Abstract
1448
Introduction: Cardiovascular disease has found to be the leading cause of morbidity and mortality, especially in developing countries like India with a prevalence of 11%. This can be attributed to the high prevalence of risk factors like high levels of blood cholesterol and triglycerides, diabetes, hypertension, obesity etc., all of which have found to independently increase the epicardial fat volume (EFV) which is a known source of pro-inflammatory cytokines in the pericardial region augmenting the formation of atherosclerosis and eventual myocardial infarction. Myocardial perfusion imaging using SPECT.CT is commonly performed non-invasive imaging method to evaluate coronary artery disease (CAD). The low dose CT used for attenuation correction is utilised for calculation of EFV. Materials and Methods: 176 patients with suspicion of CAD are included in the study. All patients underwent physical or adenosine stress with 99mTc-MIBI followed by SPECT.CT acquisition after 30-45 minutes. Rest MPI was done in patients showing perfusion defects on stress imaging. We retrospectively analysed total EFV in 176 records (88 records with normal perfusion and 88 with reversible perfusion defects). The MPI images in reversible ischemic group are analysed semiquantitatively and summed difference score (SDS) are recorded. In the low dose CT images threshold of epicardial fat detection was set between -30 HU to -190 HU and software-based quantification of EFV was done in the Siemens multimodality workstation.

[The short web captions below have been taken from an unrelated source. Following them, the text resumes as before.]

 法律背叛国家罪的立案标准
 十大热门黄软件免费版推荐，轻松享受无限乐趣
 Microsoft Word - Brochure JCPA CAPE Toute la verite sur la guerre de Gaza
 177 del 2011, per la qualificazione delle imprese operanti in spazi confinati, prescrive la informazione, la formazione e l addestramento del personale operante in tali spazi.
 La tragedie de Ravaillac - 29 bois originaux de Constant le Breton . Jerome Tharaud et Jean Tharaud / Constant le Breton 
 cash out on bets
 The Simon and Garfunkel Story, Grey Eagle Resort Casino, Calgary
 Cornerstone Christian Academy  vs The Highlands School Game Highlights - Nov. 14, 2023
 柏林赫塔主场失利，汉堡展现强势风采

Results: Median EFV in scans with normal perfusion was found to be 74.46ml (32.92ml - 211.51ml), and median EFV in scans with reversible ischemia was 92.94ml (43.70ml - 207.53ml) with a median SDS of 5.00 (1.0 - 27). In 16 scans with reversible perfusion defects associated with infarcts in other segments, median EFV was found to be 101.71 ml (range of 63.03 ml to 156.46 ml) with SDS mean of 7.50 (SD = 6.20). Reversible perfusion defects with or without associated infarcts have demonstrated an EFV (median = 92.94ml) when compared to patients with a normal myocardial perfusion (median = 74.64ml) (p < 0.001).
Conclusions: Our results have demonstrated increased epicardial fat volume in patients with the presence of active reversible ischemia compared to that of the normal perfusion on myocardial perfusion scintigraphy (p<0.001) suggesting a potential role of myocardial perfusion SPECT/CT to evaluate the EFV for risk stratification of suspected coronary artery disease.